Hand-held shower heads, popular in Asia and Europe, are finally becoming a trend in the United States. “There are guests coming from other places who have this expectation,” Ms. Hoover said.
And besides, as Mr. Scammell of Wyndham put it: “Guests just aren’t taking bubble baths today.”
Wyndham is among the companies considering opting for lavish showers instead of tubs in its more upscale properties (though the company would keep tubs in its connecting double rooms, generally booked by families). A new “shower column” has a rainfall head, body sprayers and, on the side, a hose with a hand-held showerhead. For curtains, the company has designed a recycled shower curtain with a “peek-a-boo” window, netted material across the curtain at eye level, which helps open up the room and prevents guests like me with lurid imaginations from picturing what Mr. Scammell jokingly referred to as a “ ‘Psycho’ situation.”
While the tub may be on the way out, shower benches appear to be in, according to Professor Robson. “Older and larger customers appreciate that,” she said. “And we’re getting older and we’re getting larger.” In a completely unscientific game, she said she can usually guess the number of stars a hotel has received just by looking at the bathroom plans. “Four fixtures? It’s a four-star hotel,” she said. “Five fixtures, it’s a five-star hotel. Six or seven stars? There’s a bidet.”
Also out of vogue: the swinging bathroom door.
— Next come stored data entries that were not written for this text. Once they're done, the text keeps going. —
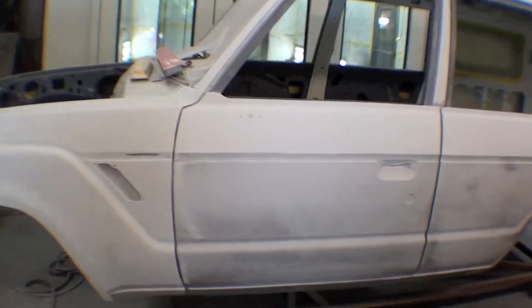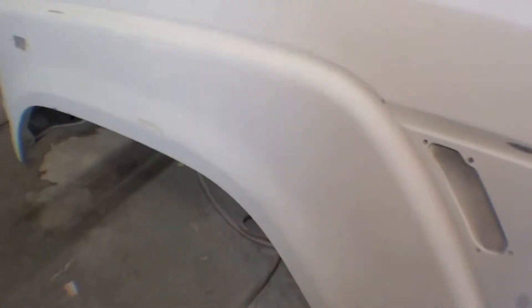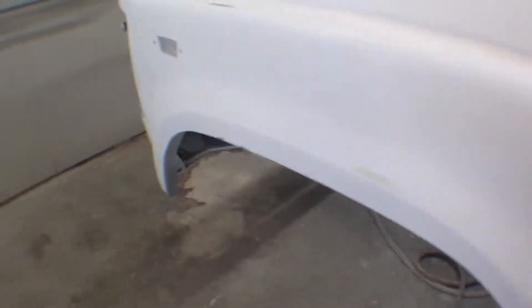As you can see with the assortment of blocks and guide coat on the body, the panels are starting to be blocked out. We did a video earlier on the front fender lip and as you can see just how nice and crisp it came out. We're going to reprime this again and then block it out one more time once we're through with this round.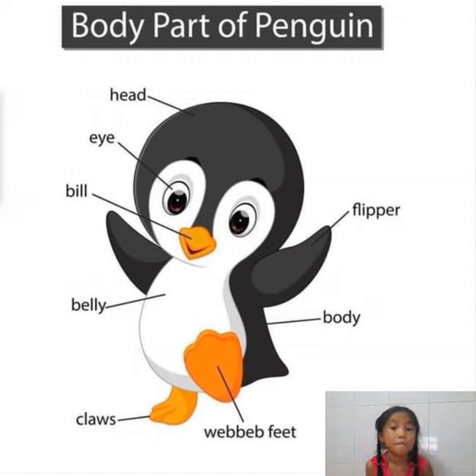Now, let's talk about the body of the penguin. First, I would love to talk about the flipper. The flipper is like its hand. Its hand is short, very short. Its hand is not long like ours or like other animals. But it's short. So that's why it's called a penguin.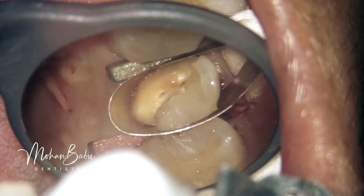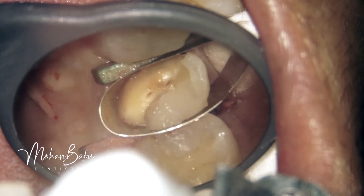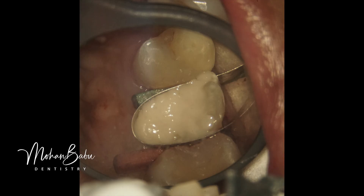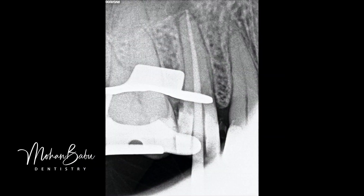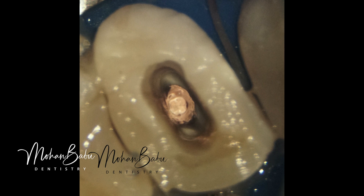With the isolation achieved, we proceeded to do a GIC pre-endo buildup. Once the GIC pre-endo buildup was done, we applied the rubber dam in a regular manner. Root canal treatment was started through the GIC pre-endo buildup, and the root canal treatment is now completed. You can see the down-pack of gutta-percha, and the remaining part of the canal is prepared for post placement.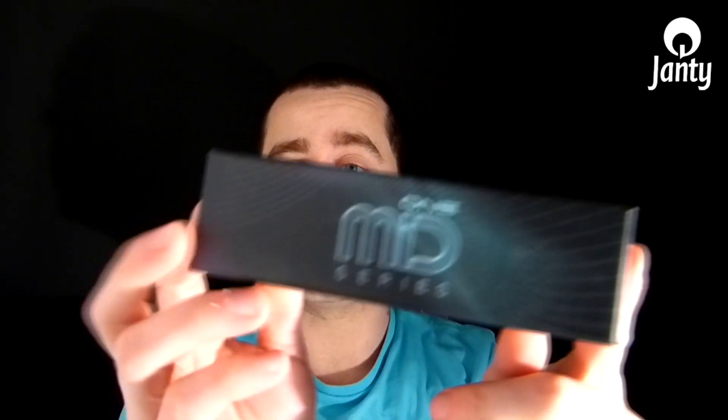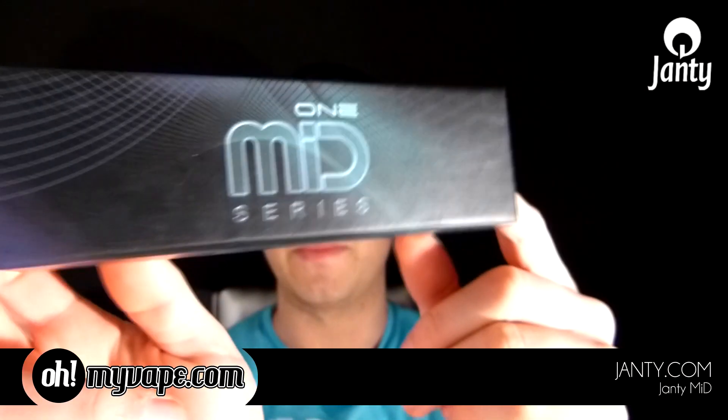Hello guys and welcome to the review on the Janty Mid One. I've got the box of the Mid right here with me. This will be Part 1 of the review, as this is a device with a lot of features — and when I mean a lot, I really mean a lot — so I can't cover them all in one video.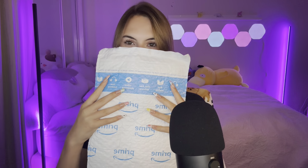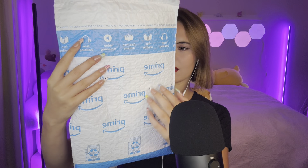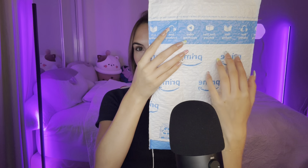Hey guys, it's Cassia ASMR and in today's video we are going to be unboxing an Amazon Prime package. The packaging is so tingly, so I was like, why not make a little unboxing video.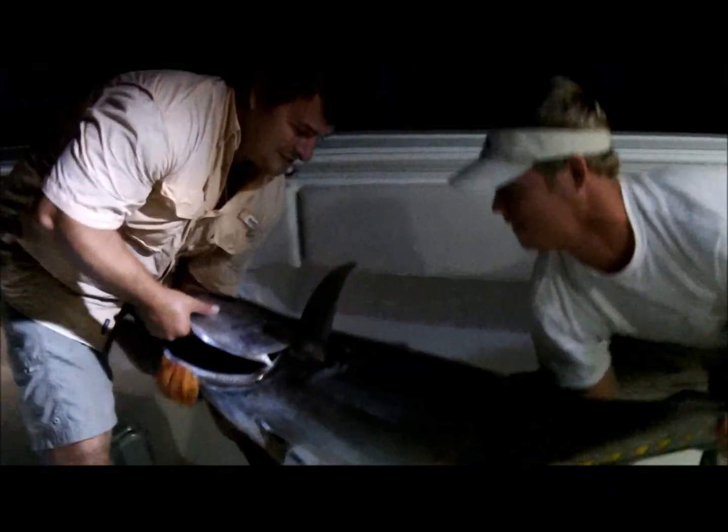Good fish, huh? That little thing whipped my ass. 45 pounder. Yeah, he's a fat boy.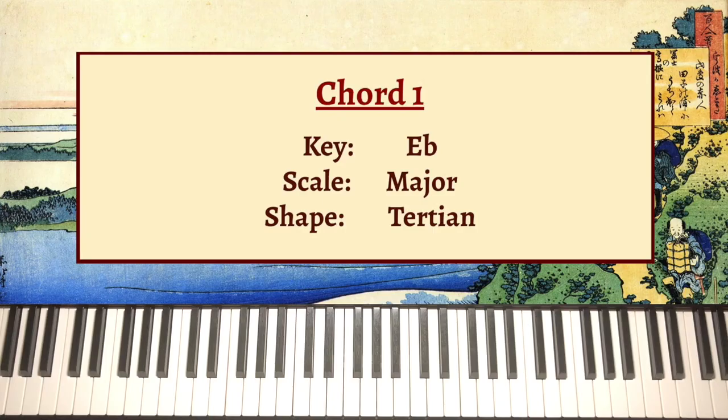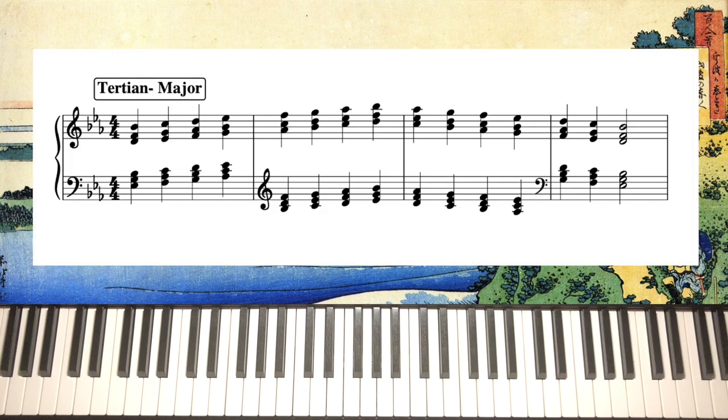For my first example, I'm in the key of E flat. My scale is the major scale and my chord shape is tertian, or third-based. So I have an E flat major 9 chord with the 1, 3, 5, 7, 9, and 5 on top.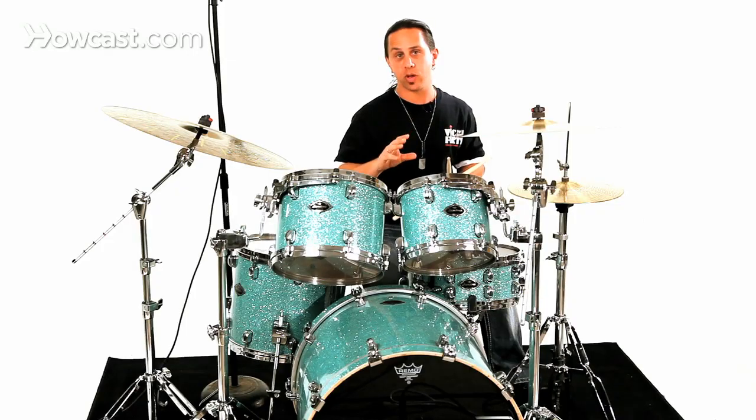Now, if you ever run across the term in drumming 'diddle' — D-I-D-D-L-E — it basically means double, or to hit something twice in a row.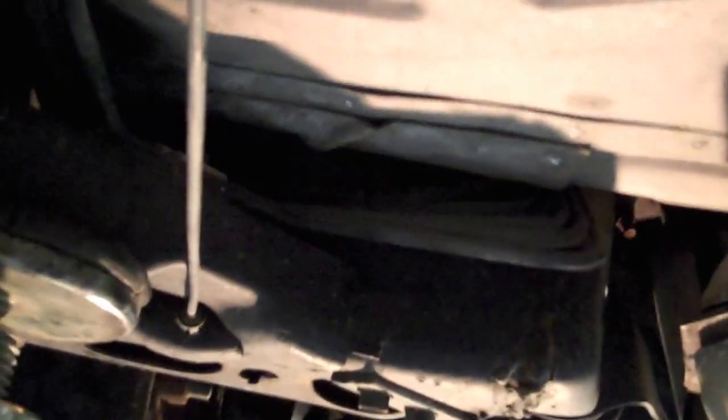The mufflers are good. I'm not a welder, and I just tacked the exhaust back up after we had to cut it to get the transmission out. This will need to be fixed by somebody who knows a little more about welding than I do. I'm more of a mechanic and not a welder.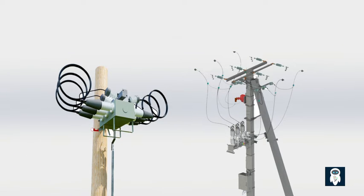Load brake switch, known as LBS, plays a crucial role in electrical power distribution systems, enabling the safe disconnection and reconnection of power lines. It serves as a key component in various applications, including distribution substations, ring main units, and overhead or underground distribution networks. This video provides an in-depth understanding of load brake switches, exploring their function, types, components, working principle, and applications.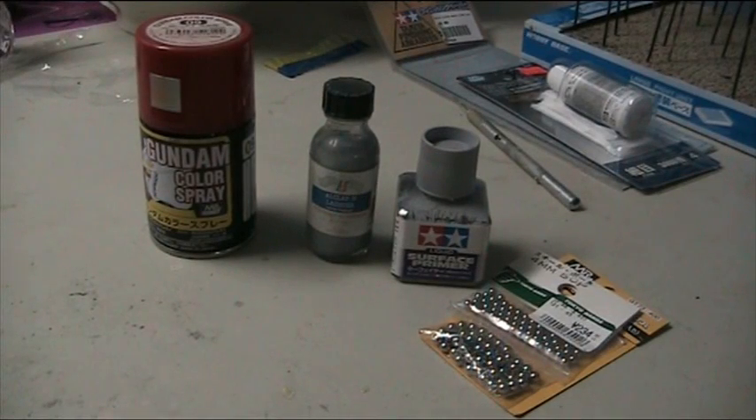Hello and welcome to another modelling video. This is Alan from the What Kind of Man at YouTube with another modelling tutorial. This is just an extremely quick tip on paints.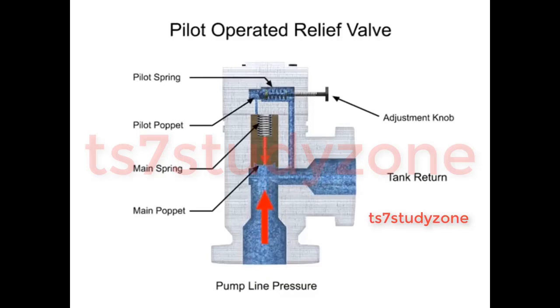The same is true in reverse. As the pump line pressure decreases below the relief pressure set by the adjustment knob, the pilot valve will close. This allows the main spool to close and restores a balance of pressure.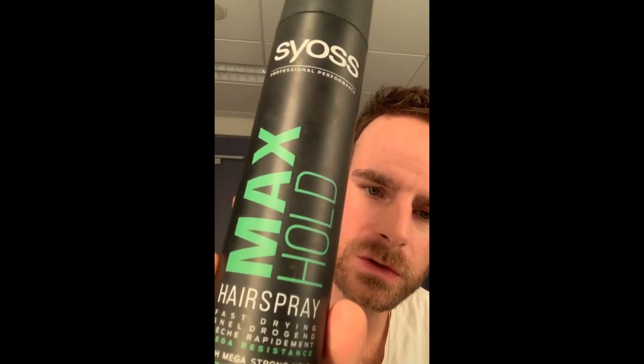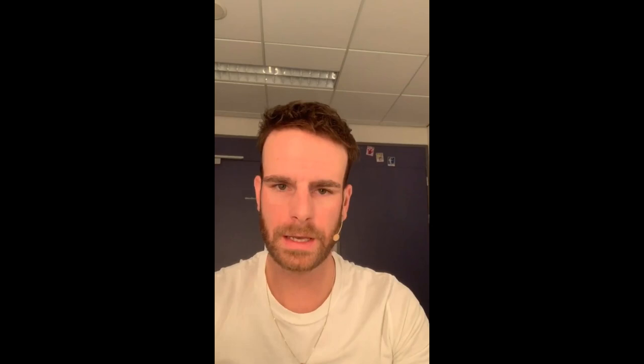Well, the secret to my success is simple. I have this cardboard thing, and it fits on my forehead. So when I'm spraying with my all-time favorite fixating spray, that's my favorite.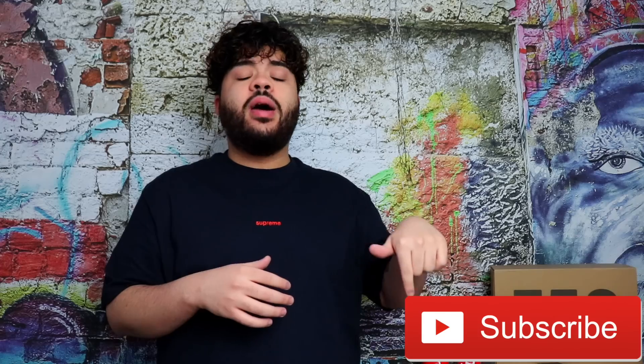Hey, what's good YouTube, welcome back to Astro Nori for another video. If you guys enjoy any supreme streetwear sneaker related content, go ahead and subscribe down below and smash the like button as well.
Brands like Westin and Marriott are opting for sliding doors instead of swing doors. “In urban markets where you have space constraints, we are moving toward what they call barn doors and adding some transparency to them,” Mr. Shepard said, explaining that when you open the door “it doesn’t impede your access to the room.” And the bit of transparency allows light in from the main room.
In low- and mid-tier hotels, makeup mirrors are dwindling. Fewer hotels have them (23 percent in 2012, down from 33 percent in 2010), according to the American Hotel & Lodging Association, an industry group. Westin is among the exceptions. “In our current world of men’s facial hair,” said Ms. Hoover, “they’re using it for shaving and grooming.”
Yet even if a hotel brand wants to trick out its bathrooms, it’s not always possible. “It’s the most expensive space you can touch in a renovation,” said Ms. Hoover. “You’re dealing with plumbing. You’re dealing with tile.”
And the hotels must accommodate the owners of their buildings. “We always work to minimize cost for the hotel developers,” said Mr. Scammell of Wyndham, which, like many brands, doesn’t own the buildings in which its hotels are located.
As Ms. Hoover explained, a lot of North American hotels were built in the 1970s and 1980s, when there was a different concept of what minimum bathroom space was. So the attitude of designers like Ms. Hoover has to be “this space is not going to get any bigger,” she said, “but how can you make the guest feel like it’s more spacious and it’s a more premium experience?”
I’ll even settle for practical. Just, please, turn up the lights.